━━━ Given information

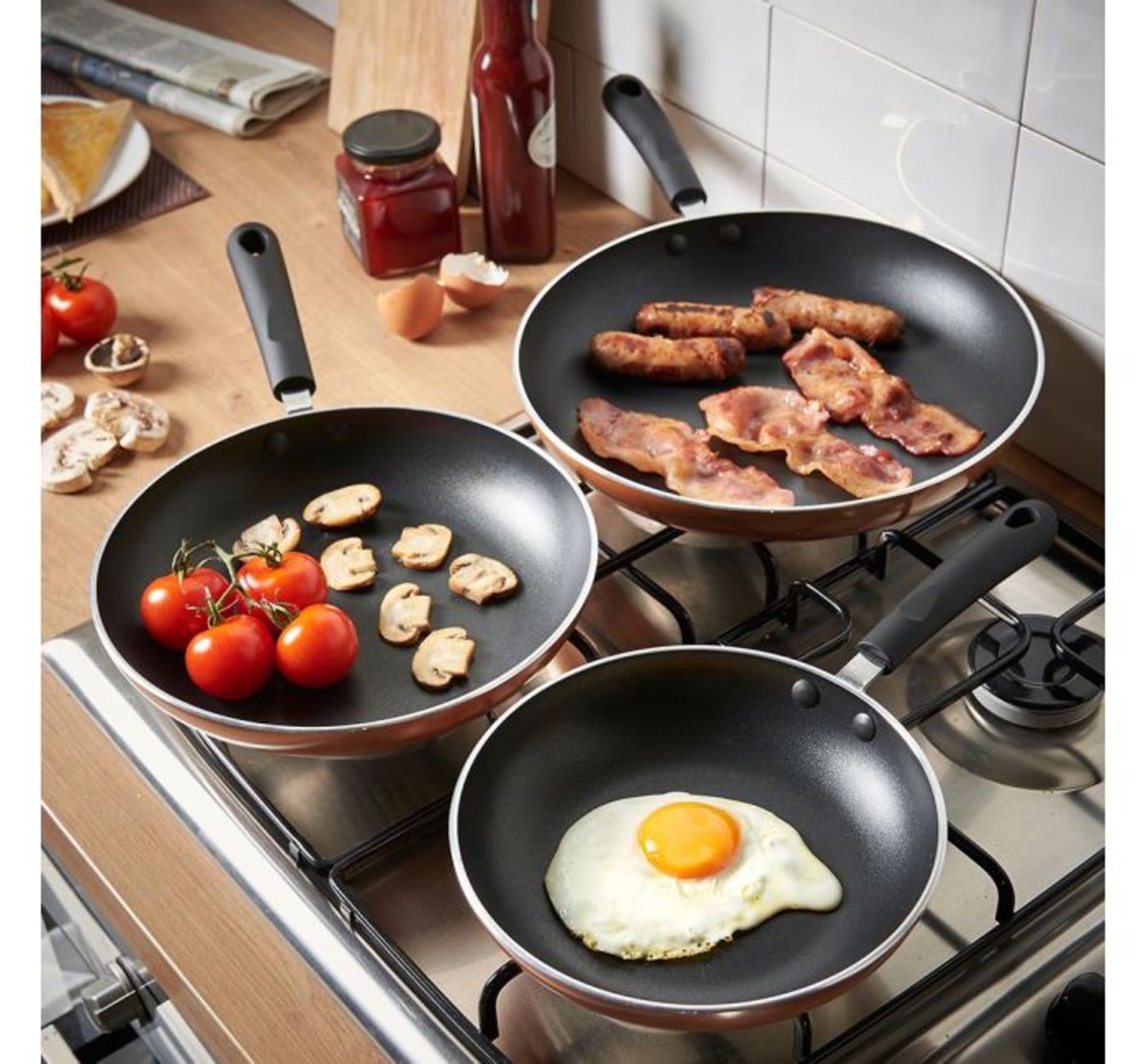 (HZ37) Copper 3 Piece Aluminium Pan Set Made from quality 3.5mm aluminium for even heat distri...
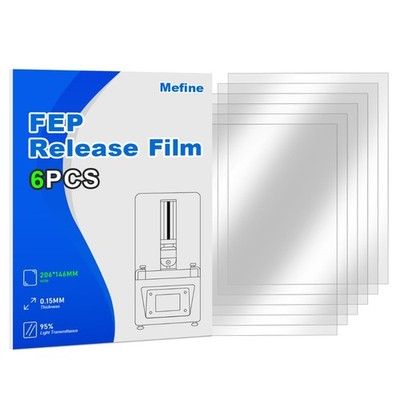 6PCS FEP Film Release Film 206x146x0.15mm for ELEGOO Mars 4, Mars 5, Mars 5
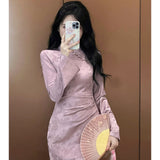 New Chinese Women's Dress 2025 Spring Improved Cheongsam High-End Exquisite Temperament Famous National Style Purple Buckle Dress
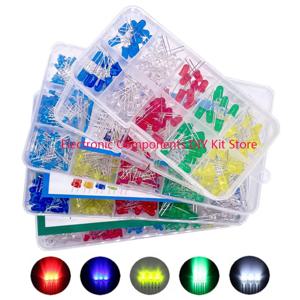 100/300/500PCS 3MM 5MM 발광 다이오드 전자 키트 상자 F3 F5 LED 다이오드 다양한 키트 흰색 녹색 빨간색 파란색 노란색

━━━━━━

**Problem details**
Without any pictures, repeat the listing exactly.

**Response**
 (HZ37) Copper 3 Piece Aluminium Pan Set Made from quality 3.5mm aluminium for even heat distri...
 6PCS FEP Film Release Film 206x146x0.15mm for ELEGOO Mars 4, Mars 5, Mars 5
 New Chinese Women's Dress 2025 Spring Improved Cheongsam High-End Exquisite Temperament Famous National Style Purple Buckle Dress
 100/300/500PCS 3MM 5MM 발광 다이오드 전자 키트 상자 F3 F5 LED 다이오드 다양한 키트 흰색 녹색 빨간색 파란색 노란색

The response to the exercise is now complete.